PROBLEM DETAILS: Of the lines in the material below, print only those from the one containing "EXCLUSIVE UVDTF Wrap # 231" to the one containing "Medium - TPE Safe Classic Tray", ends included, exactly as written and without pictures.

PROVIDED MATERIAL:
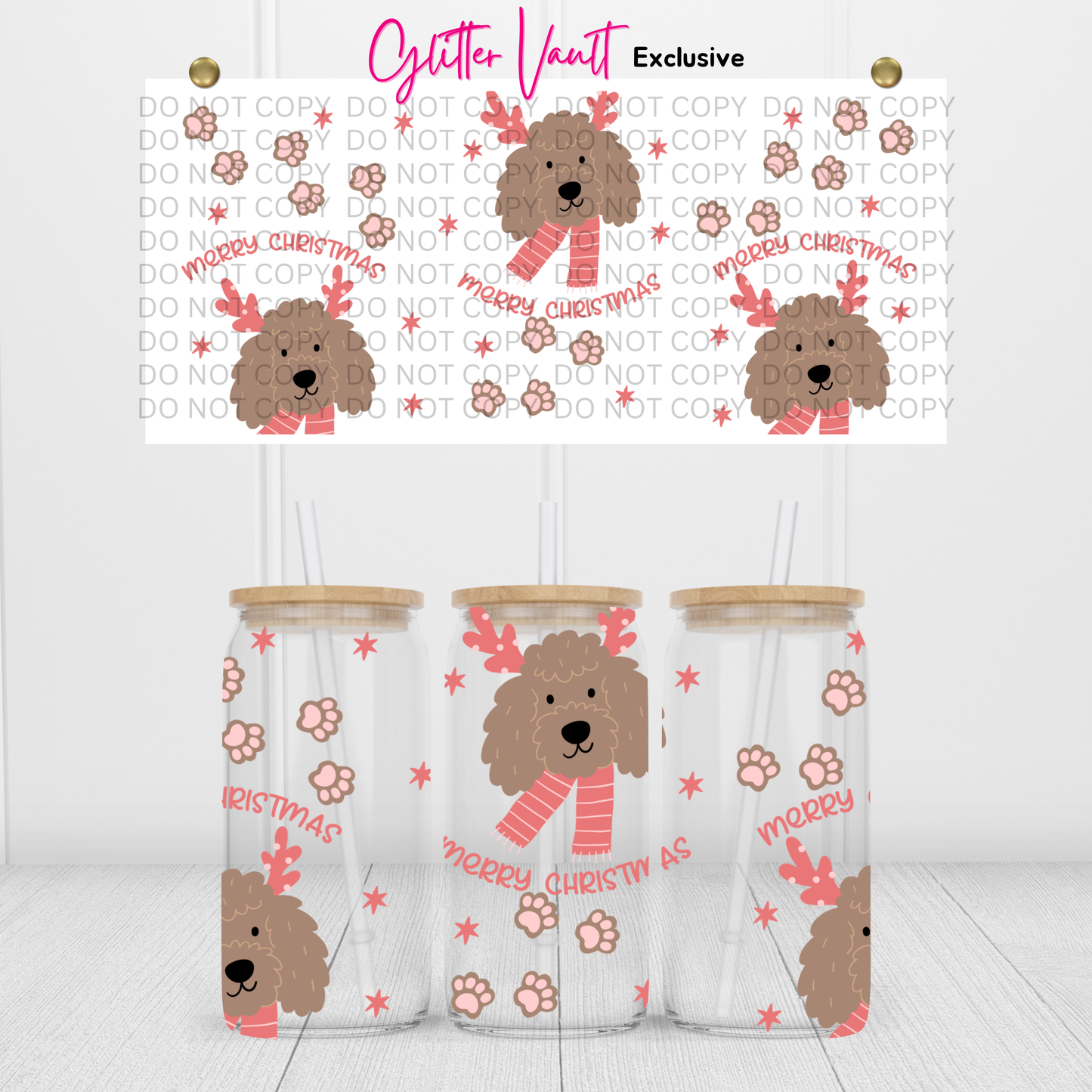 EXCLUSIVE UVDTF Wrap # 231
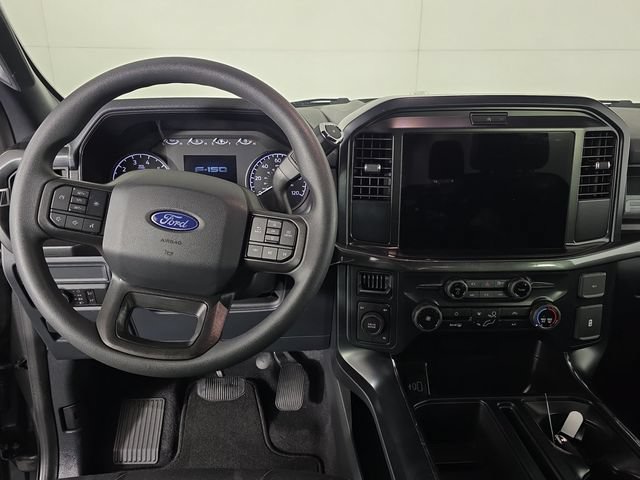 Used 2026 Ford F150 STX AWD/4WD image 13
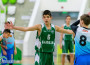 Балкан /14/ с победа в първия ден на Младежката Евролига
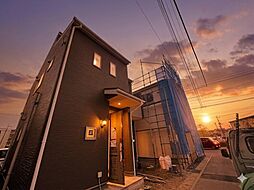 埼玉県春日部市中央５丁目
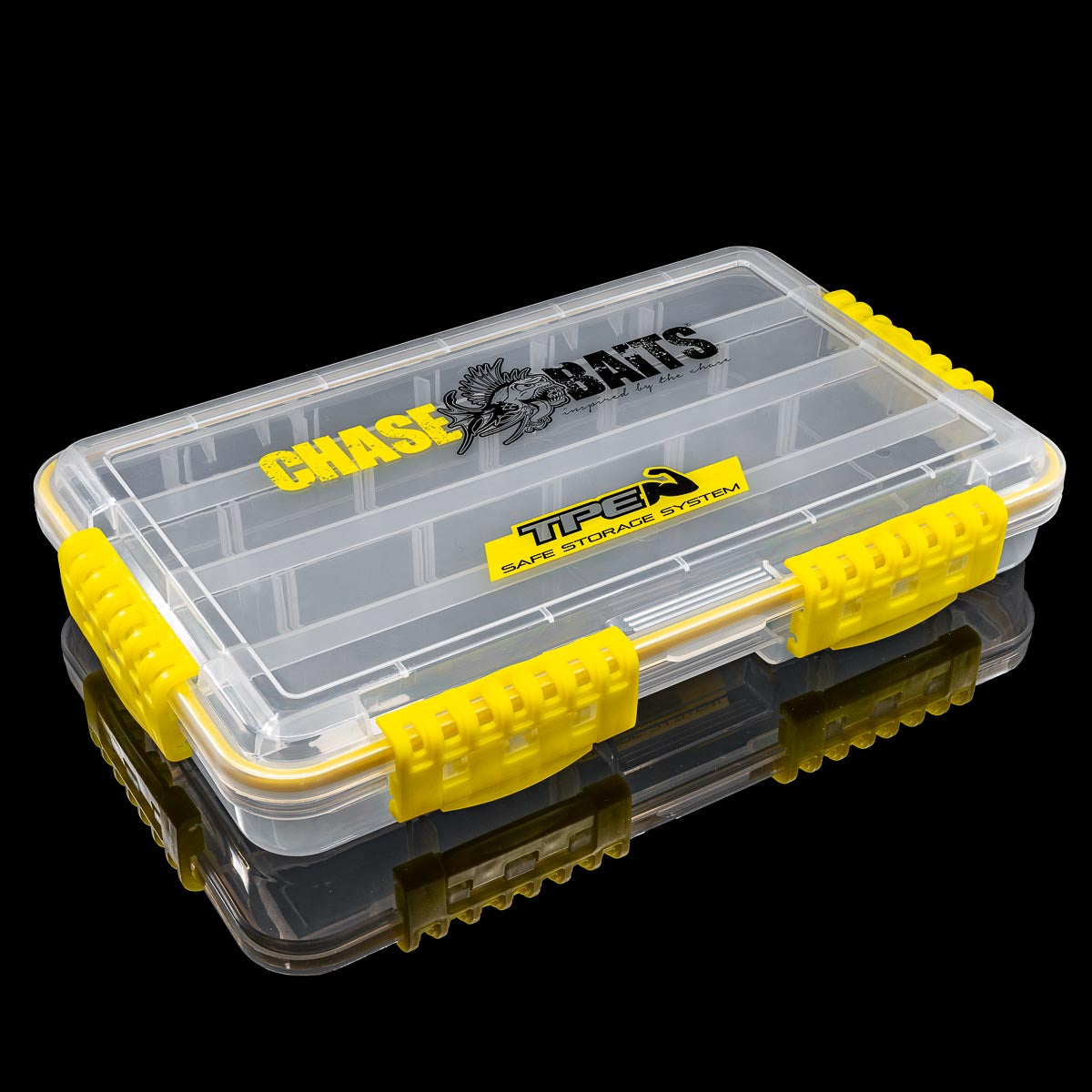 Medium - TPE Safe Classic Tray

==

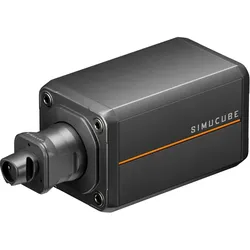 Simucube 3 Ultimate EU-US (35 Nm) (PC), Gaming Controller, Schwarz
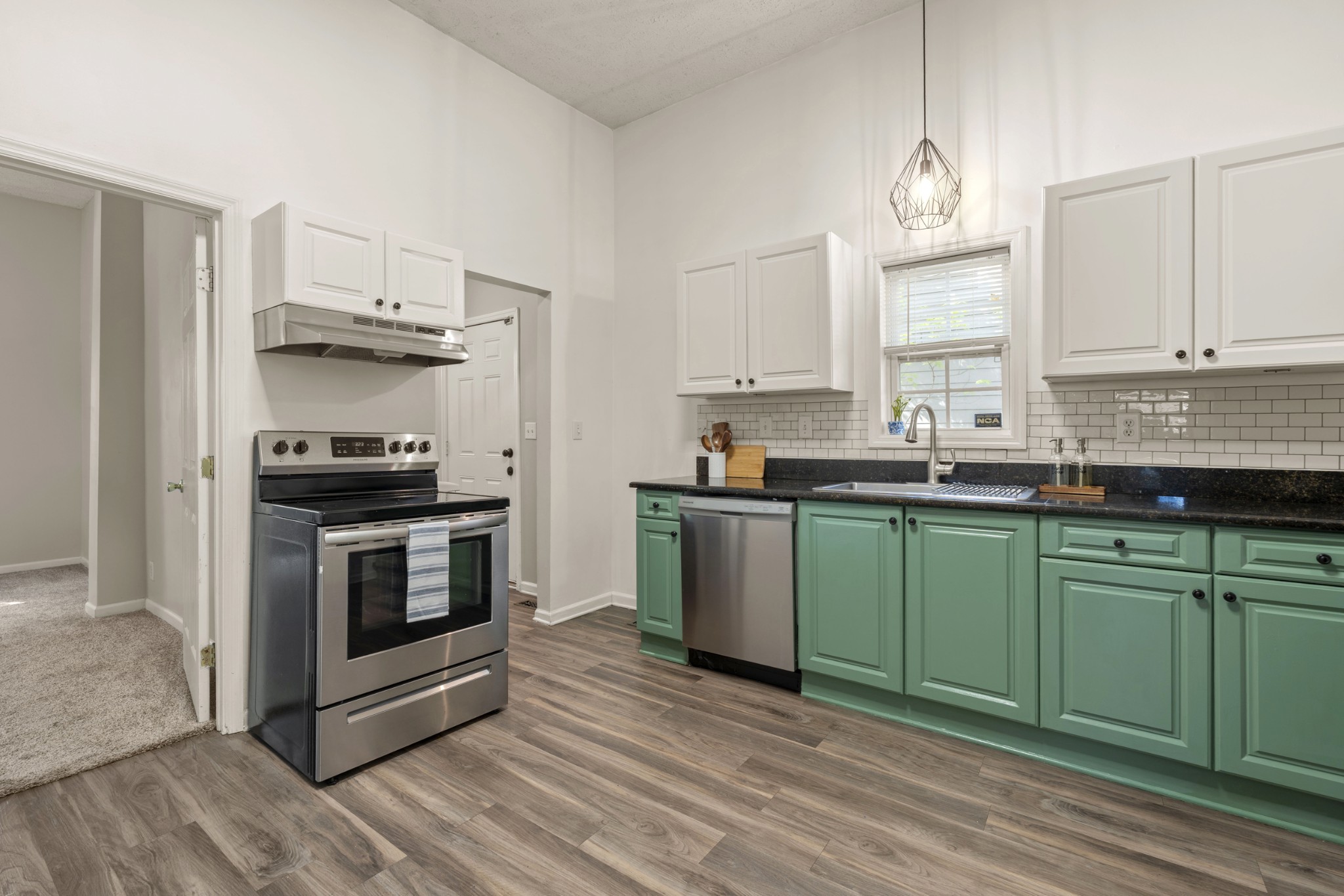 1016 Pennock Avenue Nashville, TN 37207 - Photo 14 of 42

TASK RESULT:
 EXCLUSIVE UVDTF Wrap # 231
 Used 2026 Ford F150 STX AWD/4WD image 13
 Балкан /14/ с победа в първия ден на Младежката Евролига
 埼玉県春日部市中央５丁目
 Medium - TPE Safe Classic Tray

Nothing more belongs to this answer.